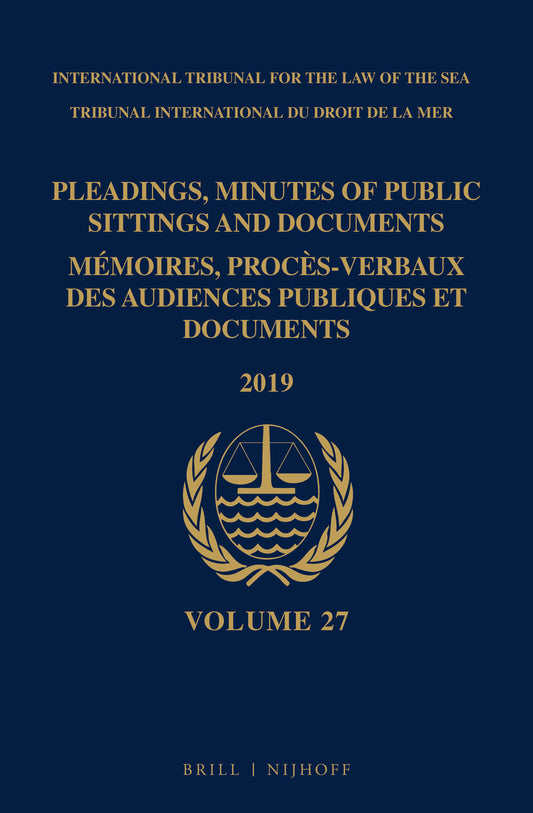 Pleadings, Minutes of Public Sittings and Documents / Mémoires, procès-verbaux des audiences publiques et documents, Volume 27 (2019)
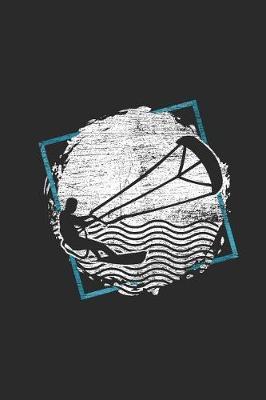Kitesurf Circle: Kitesurfing Notebook, Graph Paper (6 x 9 - 120 pages) Sports And Recreations Themed Notebook for Daily Journal, Diary, and Gift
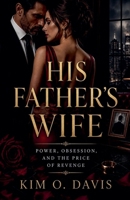 His Father's Wife (Dark Billionaire Revenge Romance) B0GZKH6ZSV Book Cover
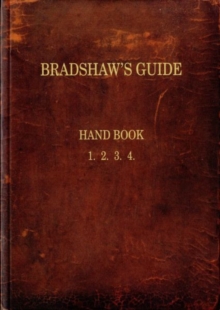 Bradshaw's Guide : The 1866 Handbook Reprinted, Paperback Bradshaw's Guide : The 1866 Handbook Reprinted, Paperback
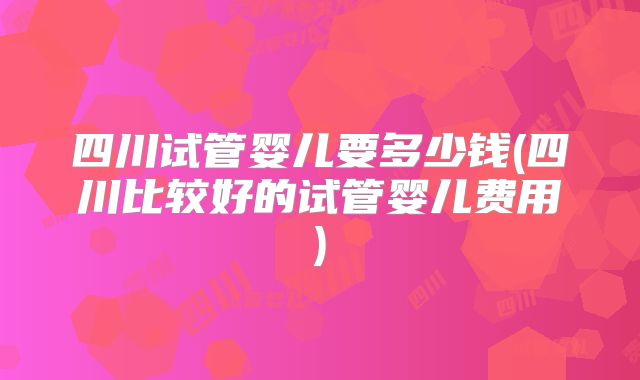 四川试管婴儿要多少钱(四川比较好的试管婴儿费用)
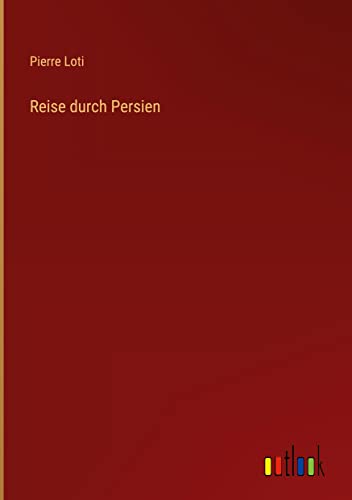 Reise durch Persien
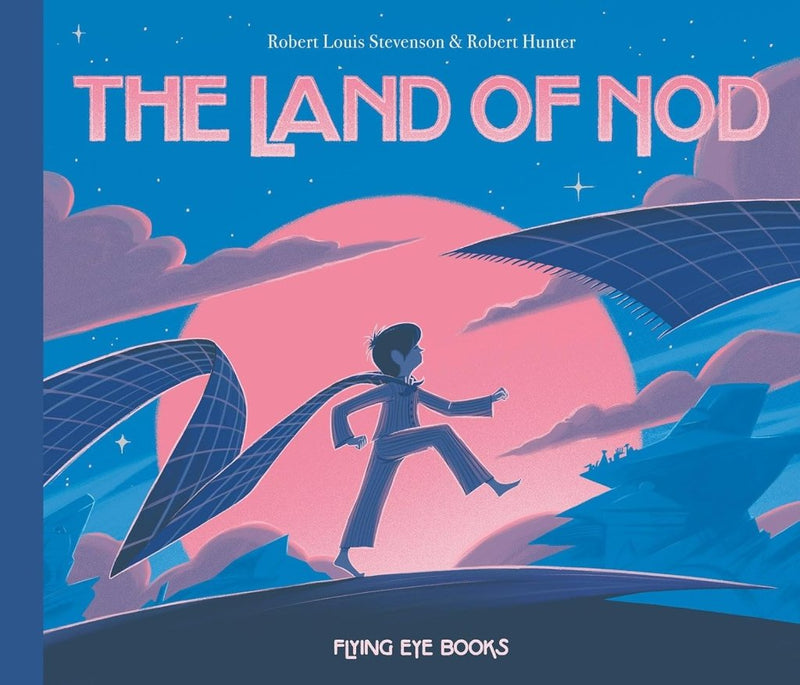 Robert Louis Stevenson: The Land of Nod, illustrated by Robert Hunter - Tales for Tadpoles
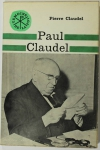 Paul CLAUDEL - 1965 - Envoi de Pierre CLAUDEL - Photo 1 - livre d occasion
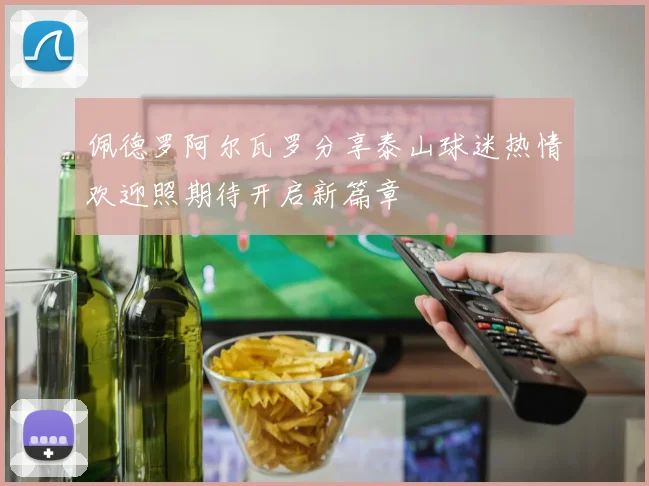 佩德罗阿尔瓦罗分享泰山球迷热情欢迎照期待开启新篇章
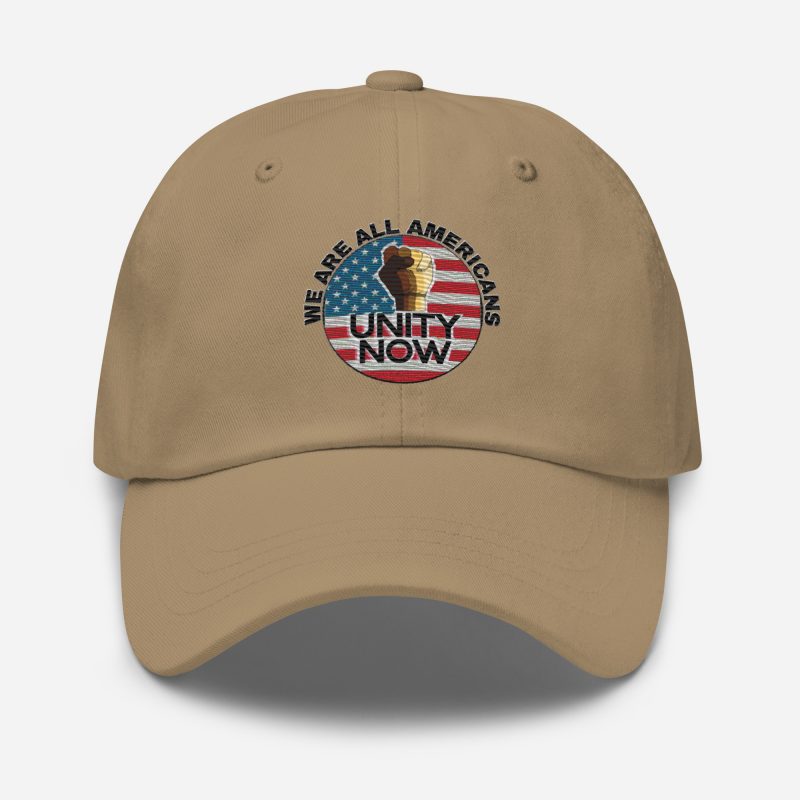 UNITY NOW WE ARE ALL AMERICANS Dad Hat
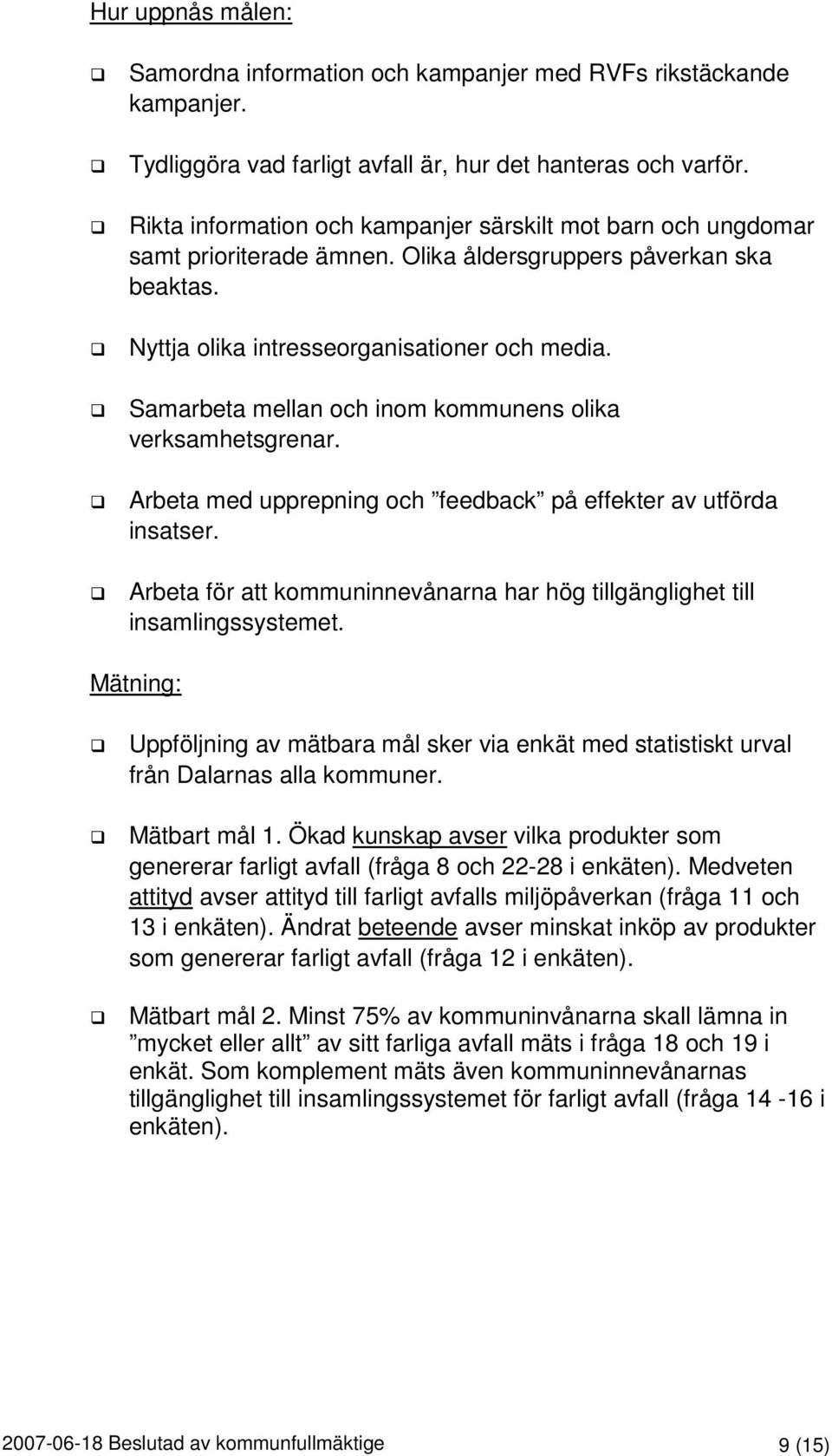 Samarbeta mellan och inom kommunens olika verksamhetsgrenar. Arbeta med upprepning och feedback på effekter av utförda insatser.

• _Task requirements_: Retype all entries exactly, without the images.

• _Solution_:
 Pleadings, Minutes of Public Sittings and Documents / Mémoires, procès-verbaux des audiences publiques et documents, Volume 27 (2019)
Kitesurf Circle: Kitesurfing Notebook, Graph Paper (6 x 9 - 120 pages) Sports And Recreations Themed Notebook for Daily Journal, Diary, and Gift
 His Father's Wife (Dark Billionaire Revenge Romance) B0GZKH6ZSV Book Cover
 Bradshaw's Guide : The 1866 Handbook Reprinted, Paperback Bradshaw's Guide : The 1866 Handbook Reprinted, Paperback
 四川试管婴儿要多少钱(四川比较好的试管婴儿费用)
 Reise durch Persien
 Robert Louis Stevenson: The Land of Nod, illustrated by Robert Hunter - Tales for Tadpoles
 Paul CLAUDEL - 1965 - Envoi de Pierre CLAUDEL - Photo 1 - livre d occasion
 佩德罗阿尔瓦罗分享泰山球迷热情欢迎照期待开启新篇章
 UNITY NOW WE ARE ALL AMERICANS Dad Hat
 Samarbeta mellan och inom kommunens olika verksamhetsgrenar. Arbeta med upprepning och feedback på effekter av utförda insatser.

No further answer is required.